Is it bad, that I would give up anything,…To see my ribs?

I can’t help him

My brother is a junkie. I want to help him but cannot because he is not ready. I’m terrified he will die. I feel weak and angry. I am pissed that there is nobody else in our family who would care enough to even reach out to him. I am angry because he’s been through before and knows better.

I am bulimic

I have many self destructive tendensies that i’ve been battling for over 16 years. Today I found out that my best friends (a girl and her boyfriend) and my boyfriend are taking a weekend trip to the beach without telling me. I choose to relapse with my bulimia today, I’ve binged 3 times and purged each time. I am planning on doing it again, and again. I know i should stop, I know the social situation is no excuse, I think im honestly glad i have any sort of excuse.

Hungry

I’d rather be skinny then eat! I can’t tell anyone close to me that!

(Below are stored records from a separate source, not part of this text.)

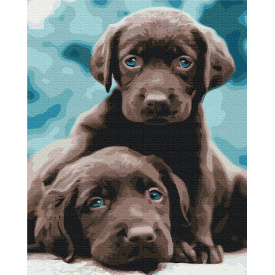Картина за номерами BrushMe "Блакитноокі цуценята" 40х50см BS53222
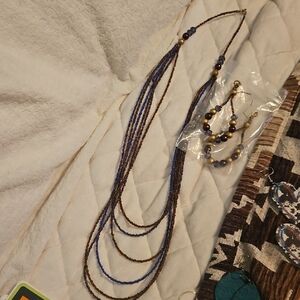 Elegant Beaded Necklace and Earring Set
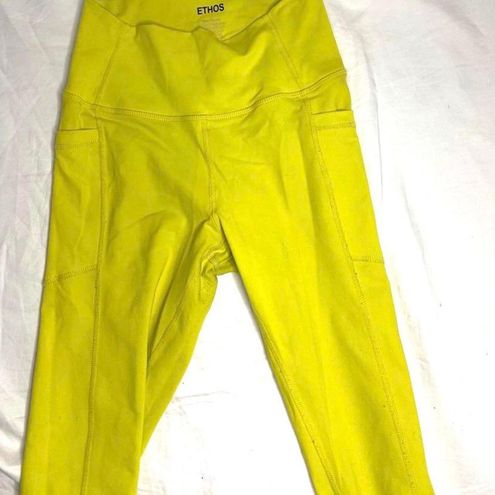 Ethos yellow neon highwaisted leggings w pockets - $15 - From Britney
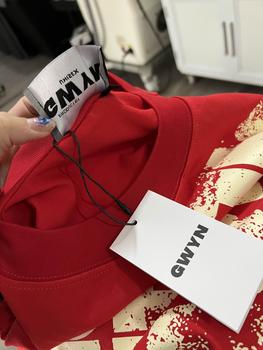 Product Review of Áo thun nam nữ form boxy GWYN OFFSHORE T-SHIRT Cotton Màu Đỏ Cổ Tròn Menswear from W**🎀 3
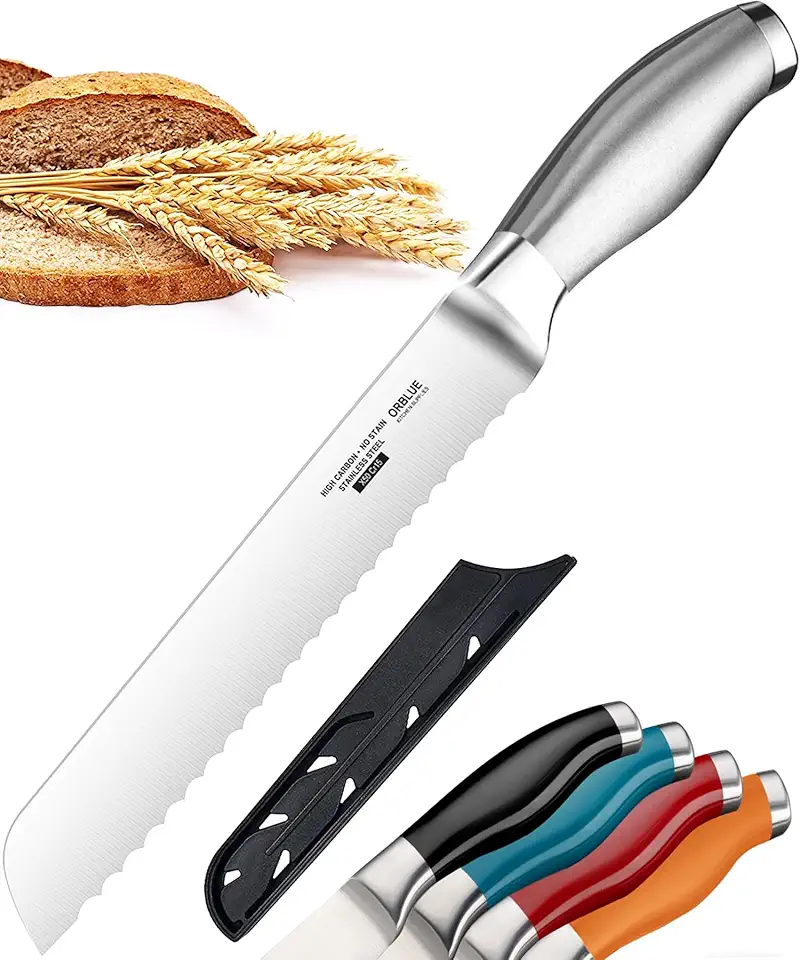 Orblue Serrated Bread Knife with Upgraded Stainless Steel Razor Sharp Wavy Edge Width - Bread Cutter Ideal for Slicing Homemade Bagels, Cake (8-Inch Blade with 5-Inch Handle)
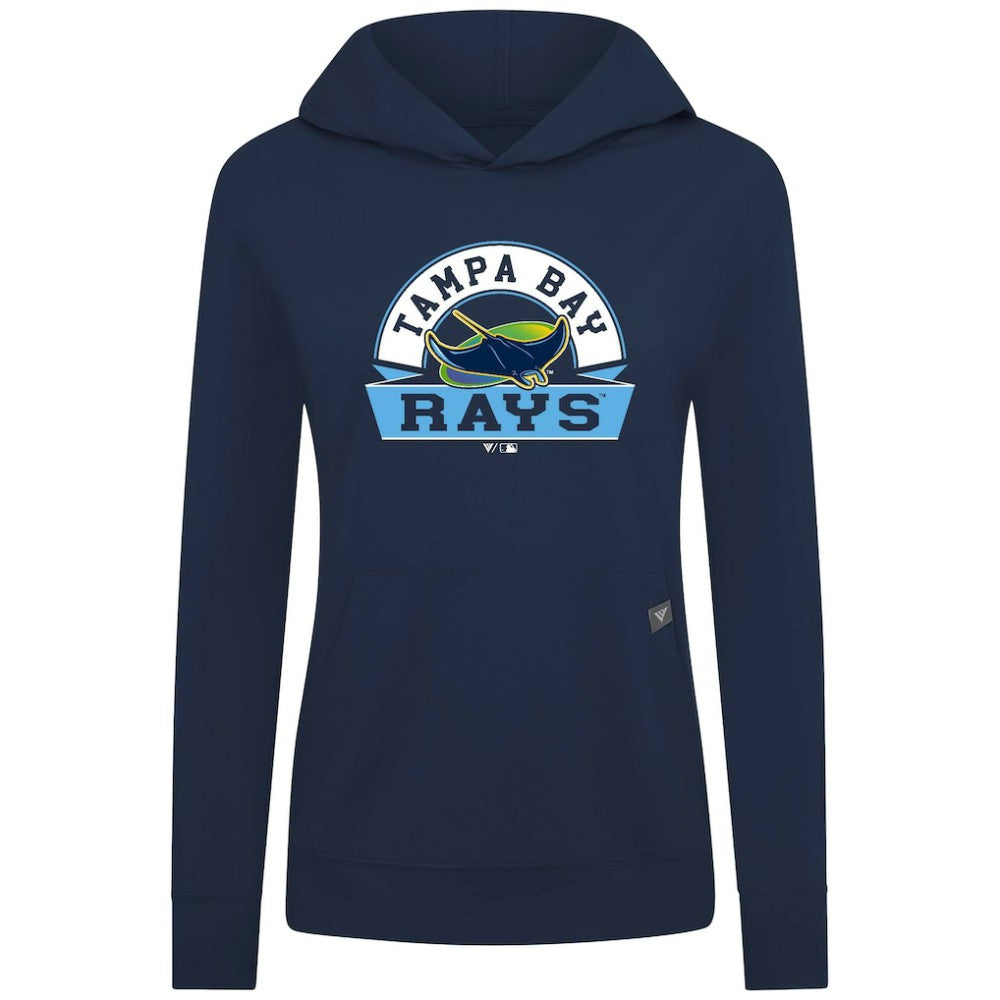 Tampa Bay Rays Levelwear Women's Relay Banner Arch Long Sleeve T-Shirt Hoodie - Navy - MLB on Sale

I can’t be completely honest with anyone

I don’t believe the addictive urge ever disappears – I think it’s a matter of trying to channel it into more productive (‘applauded’) pursuits.

I was dux of my primary school and topped my year in several subjects throughout high school. I tried to kill myself twice during this time by overdosing on Panadol and sleepgels. My mother used to try to beat the life out of me and tell me I was fat, worthless and stupid.

I became addicted to heroin when I was 16. Spent a year in rehab and was later signed to Elite. Became bulimic and addicted to exercise. Worked as a ‘high-class’ escort and completed college. Completed my undergrad at one of the world’s top-ranked universities and almost finished with my Masters at the same institution.

I now earn a reasonable salary within the corporate field. On paper, I’d be considered ‘successful’ for my age.

I also now drink too much.

For a long time, I’d navigated a complex web of lies to explain the ‘years away’ in my life. Now, being a little older, it’s not so much an issue. People are generally just interested in your immediate past.

I can’t see myself ever being able to tell a partner about my life. It sounds like fiction – even to me. Nobody would ever believe me and, if they did, nobody would ever really understand. I tried telling a partner once and he thought I was being dramatic. He actually laughed.

I’ve pretty much alienated those friends who knew about my drug addiction. I’ve completely wiped out those who know anything about the escorting. So no one really, truly knows about my life to date.

I really wish I had someone I could trust with the whole truth. It gets confusing trying to remember how much I can share with whom.

Absolute Confusion and Fanfiction

So hi, my secret is that I had a strange crush feeling on my female friend even though I am not a lesbian.
This scares me, but now its over because she moved cities.

Also, I read slash which is gay fanfiction and it’s (almost) pornographic a LOT of the time but I enjoy it.

This is all horrible because I’m only 14.
I have not told anybody about any of this, but I can’t stop reading it anyway.